# SOURCE DATA
- - -

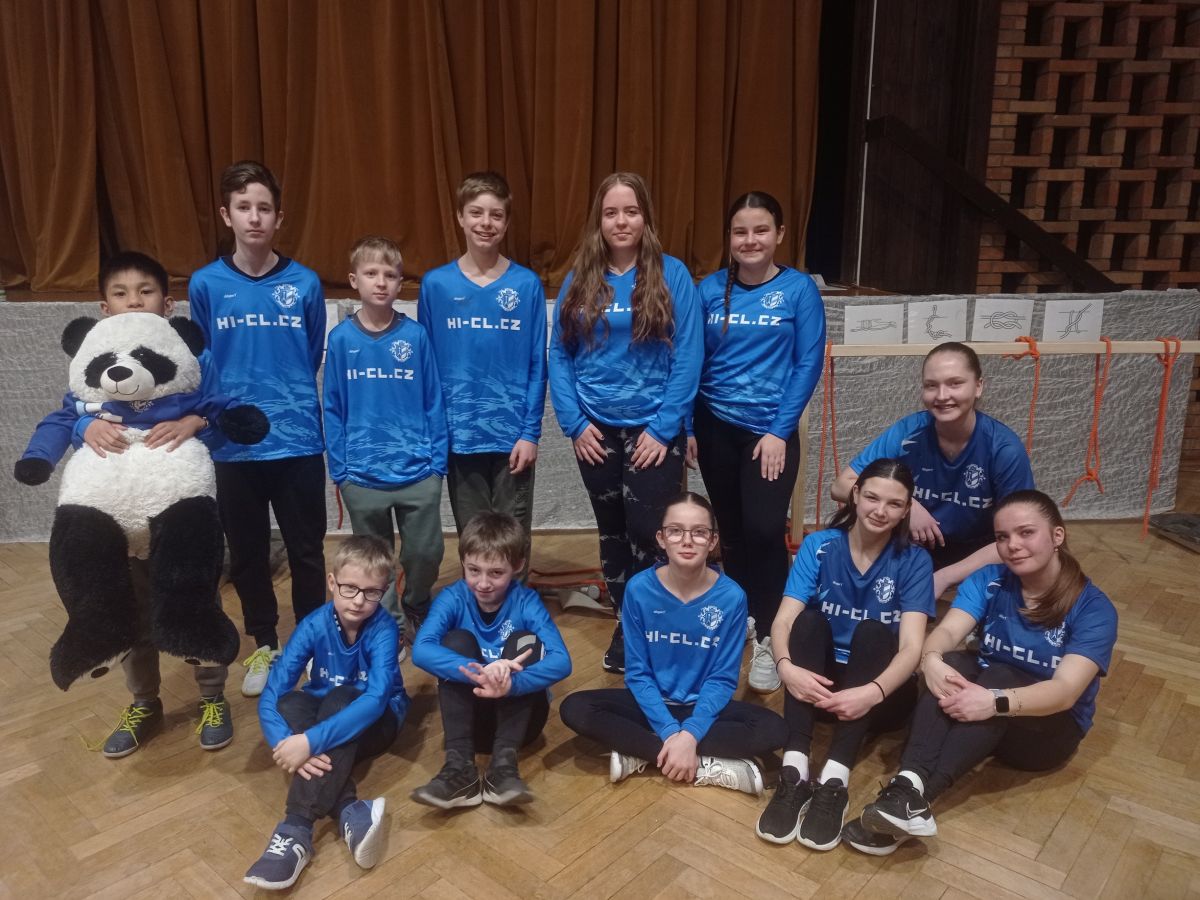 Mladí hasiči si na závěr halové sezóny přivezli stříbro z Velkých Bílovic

- - -

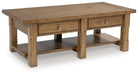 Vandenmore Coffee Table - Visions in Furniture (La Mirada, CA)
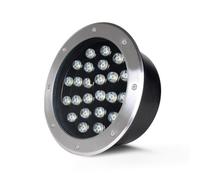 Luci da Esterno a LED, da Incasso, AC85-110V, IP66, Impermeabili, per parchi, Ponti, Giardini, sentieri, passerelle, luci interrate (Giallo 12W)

- - -

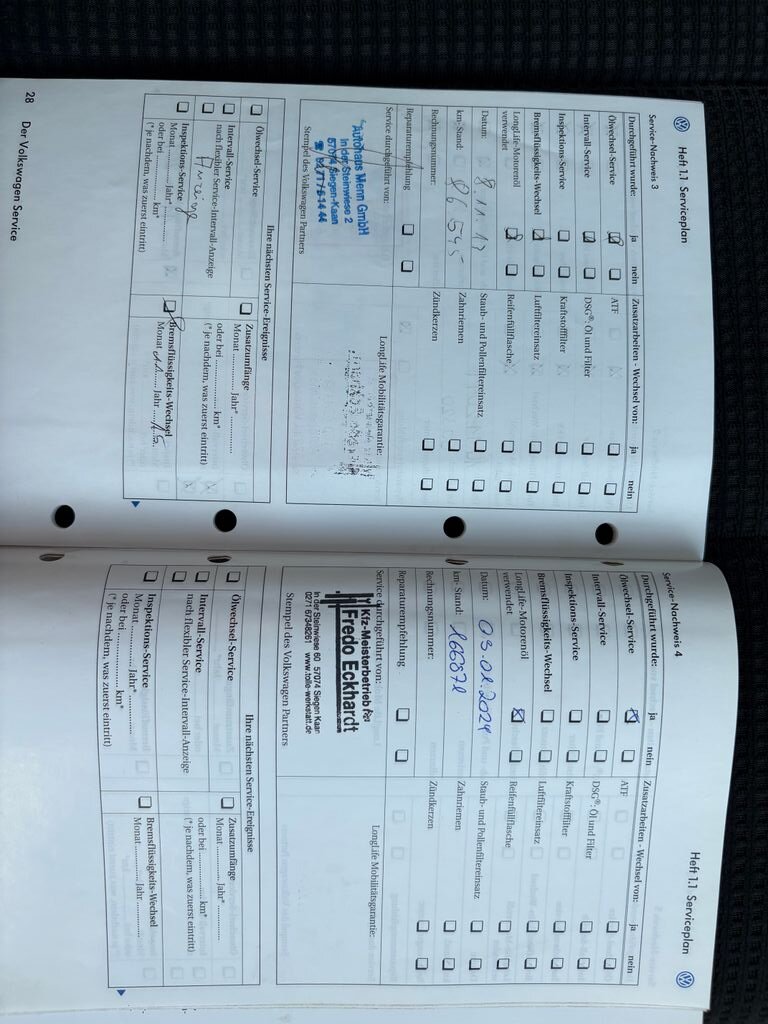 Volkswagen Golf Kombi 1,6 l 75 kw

- - -

# EXERCISE DIRECTIONS
Set down word for word the lines above from the one with "Vandenmore Coffee Table" up to and including the one with "Luci da Esterno". Omit every picture.

# SOLUTION TO THIS TASK
 Vandenmore Coffee Table - Visions in Furniture (La Mirada, CA)
 Luci da Esterno a LED, da Incasso, AC85-110V, IP66, Impermeabili, per parchi, Ponti, Giardini, sentieri, passerelle, luci interrate (Giallo 12W)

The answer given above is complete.